I haven't seen these prices for several years. :shock: I may have to go shoot some trap.


----------



## richard rouleau (Apr 12, 2008)

that is a good price


----------



## swampfox (Dec 30, 2014)

Or shoot some doves.


----------



## LostLouisianian (Oct 11, 2010)

Geeze it's hard to reload them for that price...


----------



## hondodawg (Mar 13, 2013)

It's the lowest I've seen. We just had remington GC 9shot on clearance from a vendor. 200 cases gone in 4 hours.
Starting to see some deep discounts from vendors and manufactures


----------



## Packfish (Oct 30, 2007)

That price is sweet-


----------



## GaryFish (Sep 7, 2007)

Just pick up yur dang empties!


----------



## Fowlmouth (Oct 4, 2008)

GaryFish said:


> Just pick up yur dang empties!


 Not a problem. I shoot a O/U without auto ejectors. Never had one fall on the ground yet.


----------



## Airborne (May 29, 2009)

I use spent shell casings as fertilizer in my garden. You should see how big my tomatoes are!


----------



## hondodawg (Mar 13, 2013)

Hey what's ya'll favorite dove load. I use a 7.5 shot heavy game.


----------



## LostLouisianian (Oct 11, 2010)

3" 1 7/8 oz #9


----------



## richard rouleau (Apr 12, 2008)

well I was going to buy 5 case today but Walmart told me I could only buy 2 case of shell what up with that it a great deal at 4.84 box


----------



## Packfish (Oct 30, 2007)

at least your Walmart has shells.


----------



## JuniorPre 360 (Feb 22, 2012)

Saw these at wal mart.

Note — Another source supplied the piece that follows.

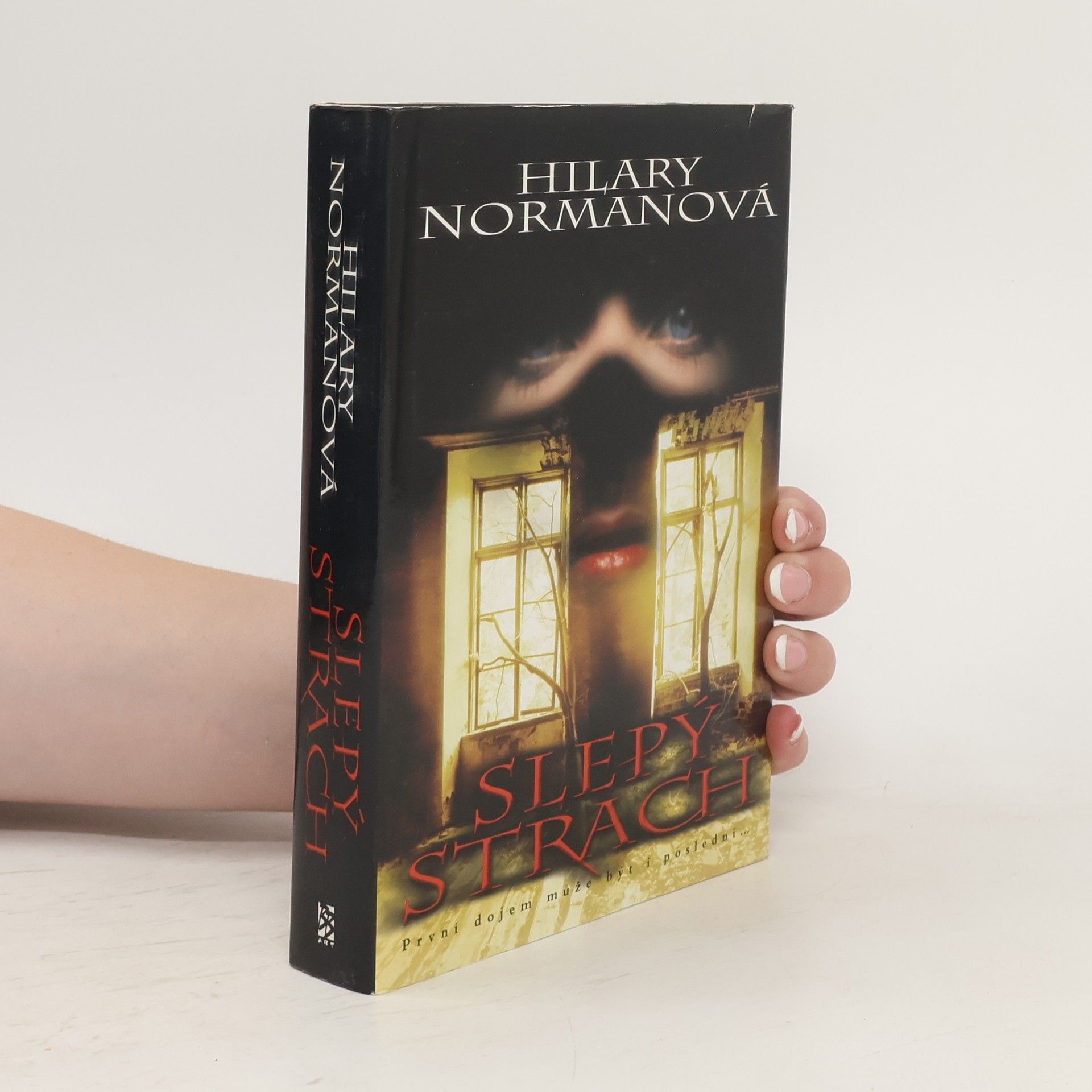 Hilary Norman Slepý strach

I might be going after dove again this year. I'd always been on a tighter budget and saved for duck hunting.


----------



## Packfish (Oct 30, 2007)

Saw them in Walmart this weekend- no 20 gauge shells though


----------



## gdog (Sep 13, 2007)

Packfish said:


> Saw them in Walmart this weekend- no 20 gauge shells though


.....or 28


----------



## Clarq (Jul 21, 2011)

I figured they would be gone by now but I was still able to pick some up today. Thanks for the heads-up. I would have never found them, since I never shop at Wal-Mart without some good motivation.


----------